- _The task_
Take the line containing "TEZEWA六角啞鈴一對男士家用練臂肌兒童訓練5kg10/15公斤健身器材" and each line after it through the end of the data below, and return them exactly, minus any pictures.

··· Given entries

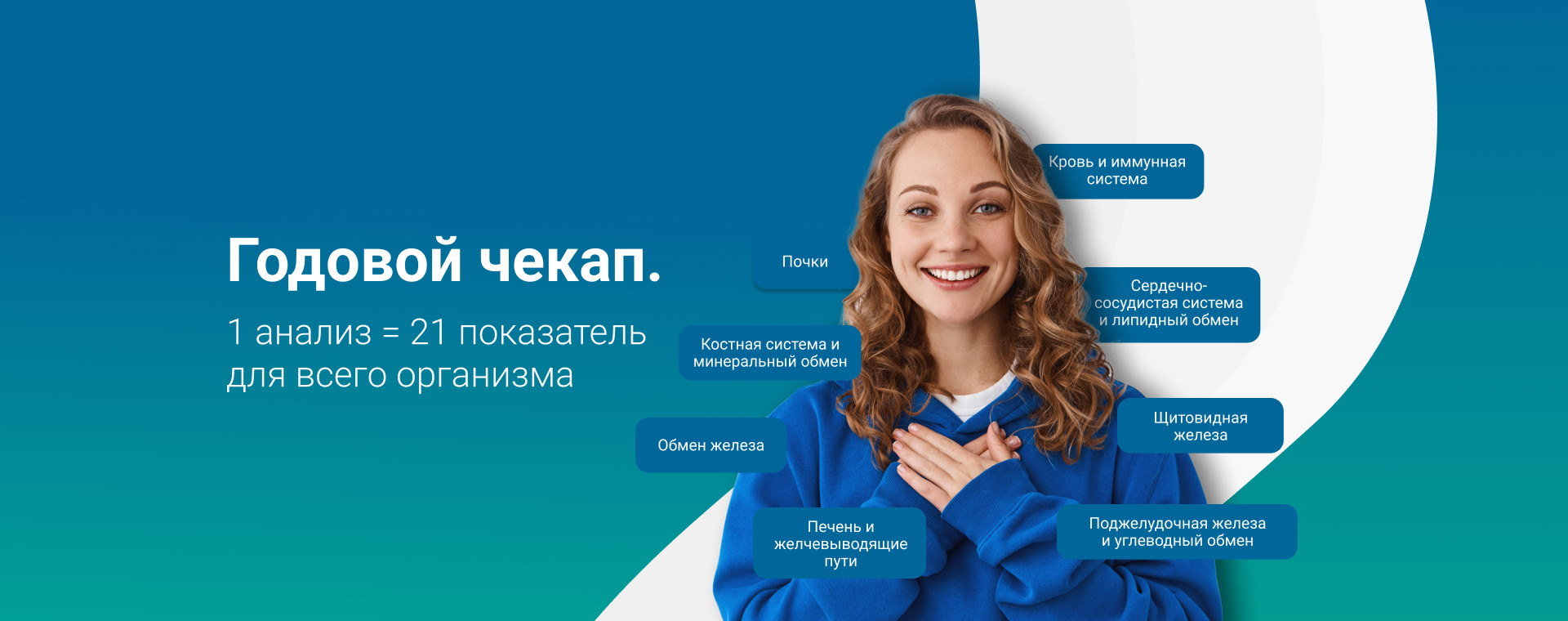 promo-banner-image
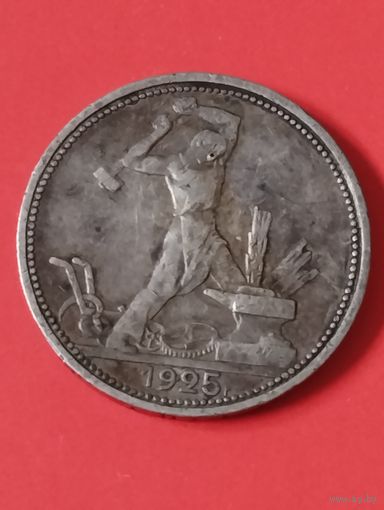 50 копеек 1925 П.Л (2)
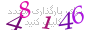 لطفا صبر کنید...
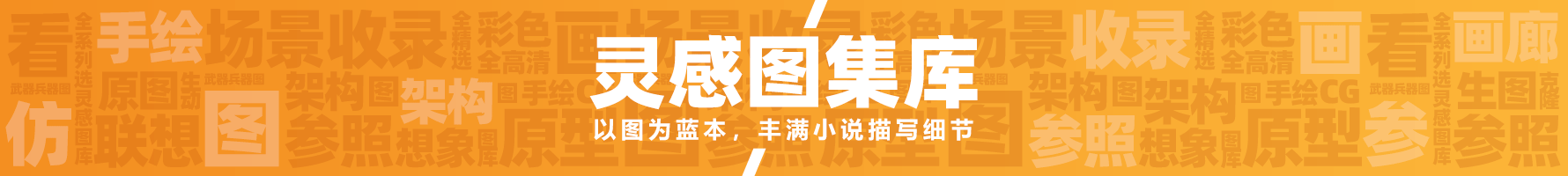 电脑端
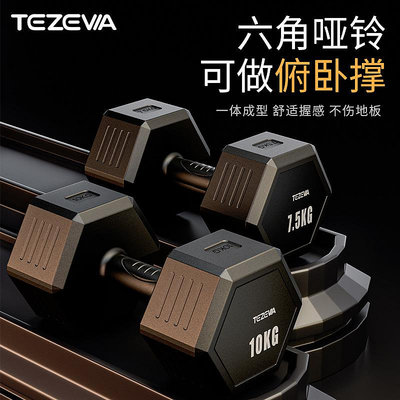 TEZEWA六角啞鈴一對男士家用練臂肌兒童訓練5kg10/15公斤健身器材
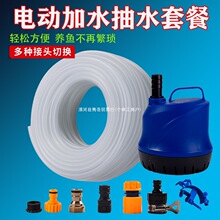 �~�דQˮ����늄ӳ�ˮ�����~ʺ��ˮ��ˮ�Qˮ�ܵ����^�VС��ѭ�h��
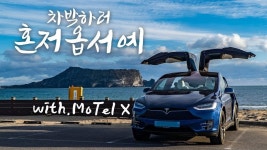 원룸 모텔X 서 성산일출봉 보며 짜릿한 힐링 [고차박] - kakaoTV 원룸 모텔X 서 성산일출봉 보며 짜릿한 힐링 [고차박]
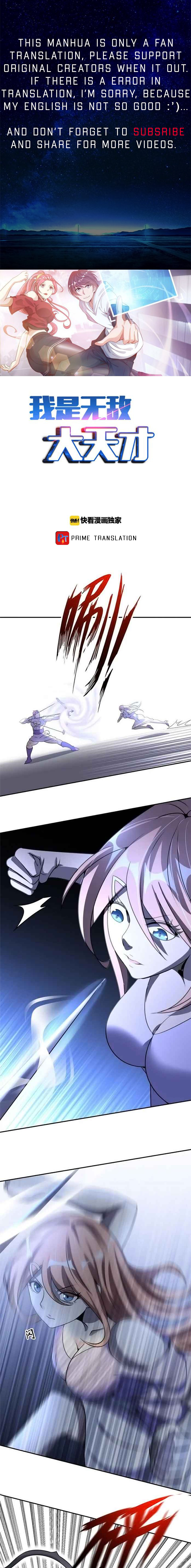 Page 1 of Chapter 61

······

- _Completed task_
 TEZEWA六角啞鈴一對男士家用練臂肌兒童訓練5kg10/15公斤健身器材
 �~�דQˮ����늄ӳ�ˮ�����~ʺ��ˮ��ˮ�Qˮ�ܵ����^�VС��ѭ�h��
 원룸 모텔X 서 성산일출봉 보며 짜릿한 힐링 [고차박] - kakaoTV 원룸 모텔X 서 성산일출봉 보며 짜릿한 힐링 [고차박]
 Page 1 of Chapter 61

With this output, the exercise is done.